Prof Nahla Azzam — IBD, fertility and pregnancy: disease control before, during, and after — and which medications to continue
A focused clinical primer for the IBD patient planning pregnancy: how disease activity affects fertility and pregnancy outcomes, why pre-conception remission matters more than any single drug, and which IBD medications are safe to continue across pregnancy and lactation.
Topics covered
"Disease activity — not the medications — is the dominant driver of adverse pregnancy outcomes in IBD. A flare is riskier than the immunosuppression needed to prevent it."
Show notes
Prof Azzam opens with fertility. Women with quiescent IBD have fertility rates close to the general population — but active disease, ileo-anal pouch surgery, and certain medications (notably sulfasalazine, which reversibly affects sperm in men) lower fertility.
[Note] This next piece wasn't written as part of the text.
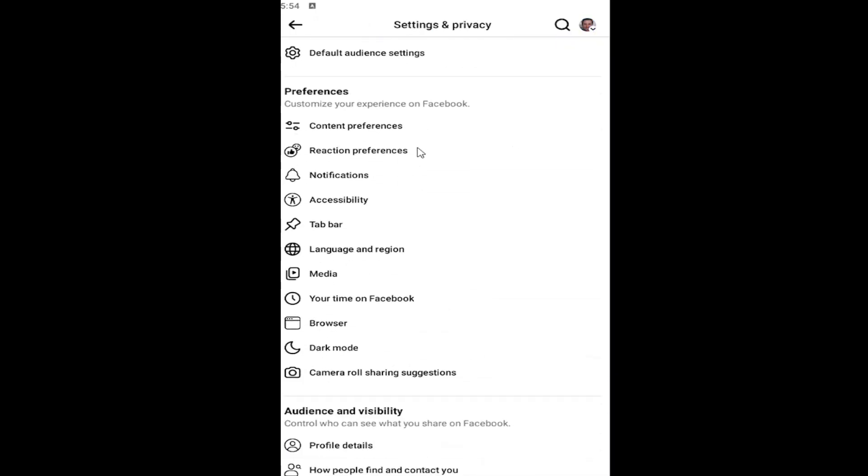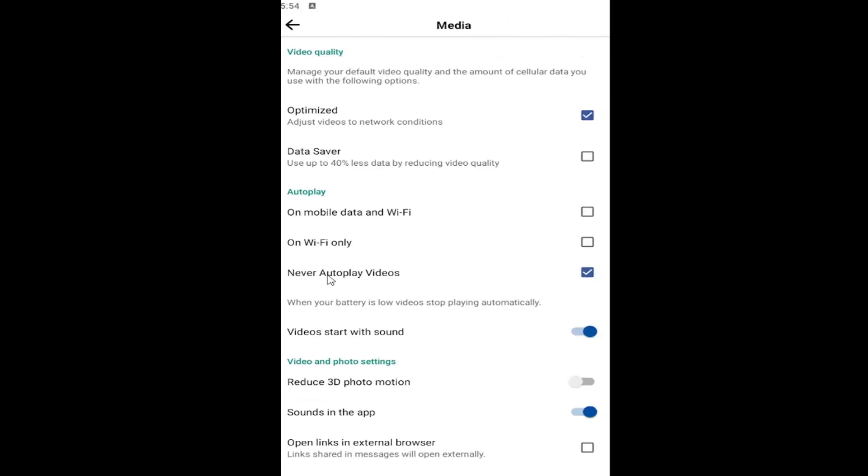And then you want to scroll down under preferences and select media. So where it says video and photo settings, sounds in the app, you can toggle that to the off position and that will turn off sound in the Facebook app.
The take-home: getting the disease into deep remission before trying to conceive is the single highest-yield intervention a woman with IBD can make for her pregnancy outcome.
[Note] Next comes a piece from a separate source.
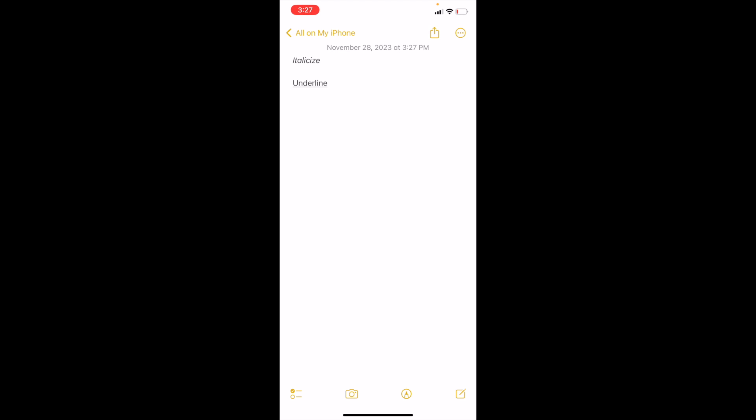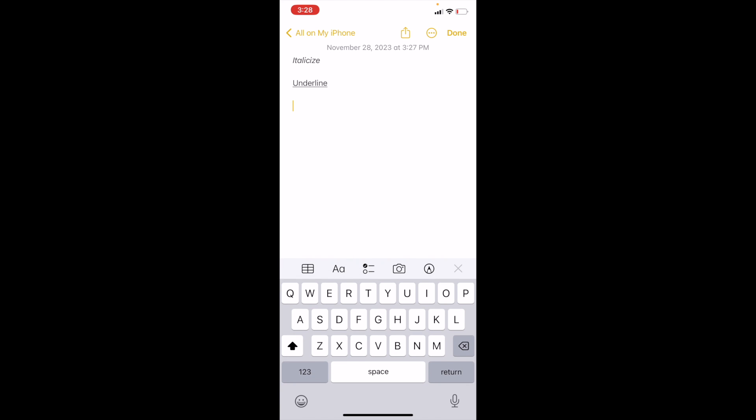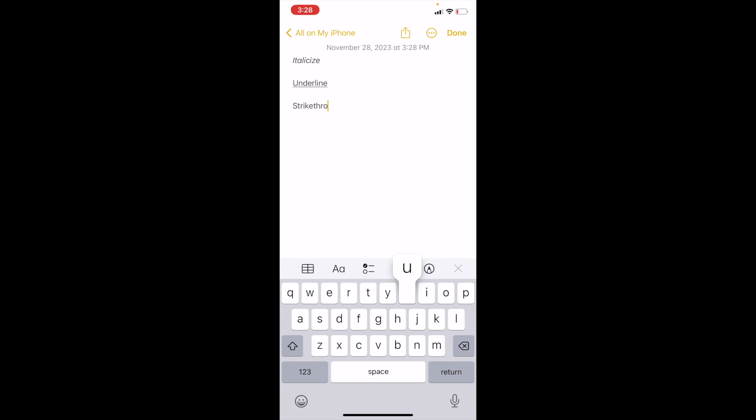So once you have the Notes app opened up on your device, simply go into a new note and type in whatever you want. So if you just want to type in the word for this demonstration, strike through, I will go ahead and do that. As you can tell from prior examples, I have done italicize as well as underline. So it's pretty straightforward.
The middle segment is on pregnancy itself. Active IBD at conception triples the rate of relapse during pregnancy, raises the risk of preterm birth, low birth weight, and small-for-gestational-age babies, and increases caesarean section rates. Disease activity, not the medications, is the dominant driver of adverse outcomes. The clinical priority through all three trimesters is to keep the patient in remission — flares are riskier than the immunosuppression needed to prevent them.
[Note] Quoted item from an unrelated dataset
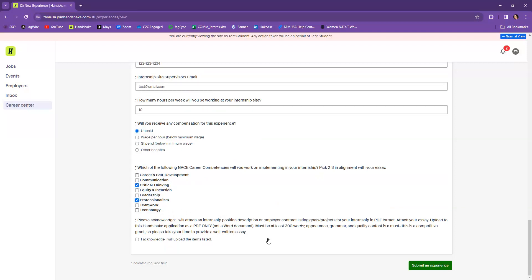Also, we want to acknowledge that you are familiar with and understand about what you need to upload in terms of this. So make sure that you attach your internship description or if it's a contract listing or if it's goals or projects, however you have it downloaded in PDF format. Also attach your essay in a PDF format and upload those to Handshake. Make sure that you're very aware too and remembering that this is very competitive. So your essay does make a difference.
Prof Azzam closes on medications. The safe-to-continue list includes mesalazines, thiopurines (azathioprine, 6-MP — established safety with monitoring), and the anti-TNF biologics (infliximab, adalimumab — newer evidence supports continuation through pregnancy; some clinicians time the last infusion to minimise transplacental passage in the third trimester). Vedolizumab and ustekinumab data are reassuring. Methotrexate is absolutely contraindicated and must be stopped at least three months pre-conception. Breastfeeding is compatible with most IBD therapies including the anti-TNFs. The decision framework is shared, individualised, and reviewed at every visit.